WHAT IS EXPECTED: Exactly as they appear, reproduce the lines from the one holding "Saturnia Yvonne online" through the last line of the material below.

DATA IN THIS EXERCISE:
--
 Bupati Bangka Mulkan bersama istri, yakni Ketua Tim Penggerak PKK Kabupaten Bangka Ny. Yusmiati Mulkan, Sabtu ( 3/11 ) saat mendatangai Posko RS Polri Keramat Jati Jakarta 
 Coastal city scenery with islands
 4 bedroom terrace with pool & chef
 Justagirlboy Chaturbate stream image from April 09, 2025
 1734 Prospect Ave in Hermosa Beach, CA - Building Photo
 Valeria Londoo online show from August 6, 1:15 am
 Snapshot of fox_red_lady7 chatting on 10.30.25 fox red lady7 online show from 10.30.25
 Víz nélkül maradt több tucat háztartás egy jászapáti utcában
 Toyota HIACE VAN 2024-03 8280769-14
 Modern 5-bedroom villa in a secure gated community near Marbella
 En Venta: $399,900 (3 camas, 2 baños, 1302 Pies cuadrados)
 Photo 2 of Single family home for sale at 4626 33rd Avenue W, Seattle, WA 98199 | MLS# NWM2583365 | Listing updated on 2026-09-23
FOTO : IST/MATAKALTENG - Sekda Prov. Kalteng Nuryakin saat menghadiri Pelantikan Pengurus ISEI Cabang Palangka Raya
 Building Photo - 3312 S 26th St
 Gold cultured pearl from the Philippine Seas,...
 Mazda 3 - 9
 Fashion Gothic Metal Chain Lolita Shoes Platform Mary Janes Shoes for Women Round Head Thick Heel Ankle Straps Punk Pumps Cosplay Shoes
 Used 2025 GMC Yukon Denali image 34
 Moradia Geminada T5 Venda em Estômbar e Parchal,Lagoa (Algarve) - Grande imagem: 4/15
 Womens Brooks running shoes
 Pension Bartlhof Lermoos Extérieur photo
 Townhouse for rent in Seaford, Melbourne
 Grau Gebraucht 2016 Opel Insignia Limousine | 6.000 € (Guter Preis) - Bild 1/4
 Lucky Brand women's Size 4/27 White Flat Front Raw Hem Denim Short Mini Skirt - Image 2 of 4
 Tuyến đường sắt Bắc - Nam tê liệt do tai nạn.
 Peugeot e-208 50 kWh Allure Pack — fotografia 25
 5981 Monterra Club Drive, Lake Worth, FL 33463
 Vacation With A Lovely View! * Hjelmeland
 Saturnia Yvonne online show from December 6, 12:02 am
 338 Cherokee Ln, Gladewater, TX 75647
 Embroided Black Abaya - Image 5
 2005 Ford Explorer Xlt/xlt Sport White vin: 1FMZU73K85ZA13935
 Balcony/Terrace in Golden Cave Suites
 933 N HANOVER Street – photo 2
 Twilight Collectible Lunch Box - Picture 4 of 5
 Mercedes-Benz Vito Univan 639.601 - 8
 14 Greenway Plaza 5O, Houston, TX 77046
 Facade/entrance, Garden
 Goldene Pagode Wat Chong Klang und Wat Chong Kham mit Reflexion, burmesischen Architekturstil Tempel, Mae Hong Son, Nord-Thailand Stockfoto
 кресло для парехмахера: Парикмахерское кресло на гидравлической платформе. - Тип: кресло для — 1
--
WRITTEN SOLUTION:
 Saturnia Yvonne online show from December 6, 12:02 am
 338 Cherokee Ln, Gladewater, TX 75647
 Embroided Black Abaya - Image 5
 2005 Ford Explorer Xlt/xlt Sport White vin: 1FMZU73K85ZA13935
 Balcony/Terrace in Golden Cave Suites
 933 N HANOVER Street – photo 2
 Twilight Collectible Lunch Box - Picture 4 of 5
 Mercedes-Benz Vito Univan 639.601 - 8
 14 Greenway Plaza 5O, Houston, TX 77046
 Facade/entrance, Garden
 Goldene Pagode Wat Chong Klang und Wat Chong Kham mit Reflexion, burmesischen Architekturstil Tempel, Mae Hong Son, Nord-Thailand Stockfoto
 кресло для парехмахера: Парикмахерское кресло на гидравлической платформе. - Тип: кресло для — 1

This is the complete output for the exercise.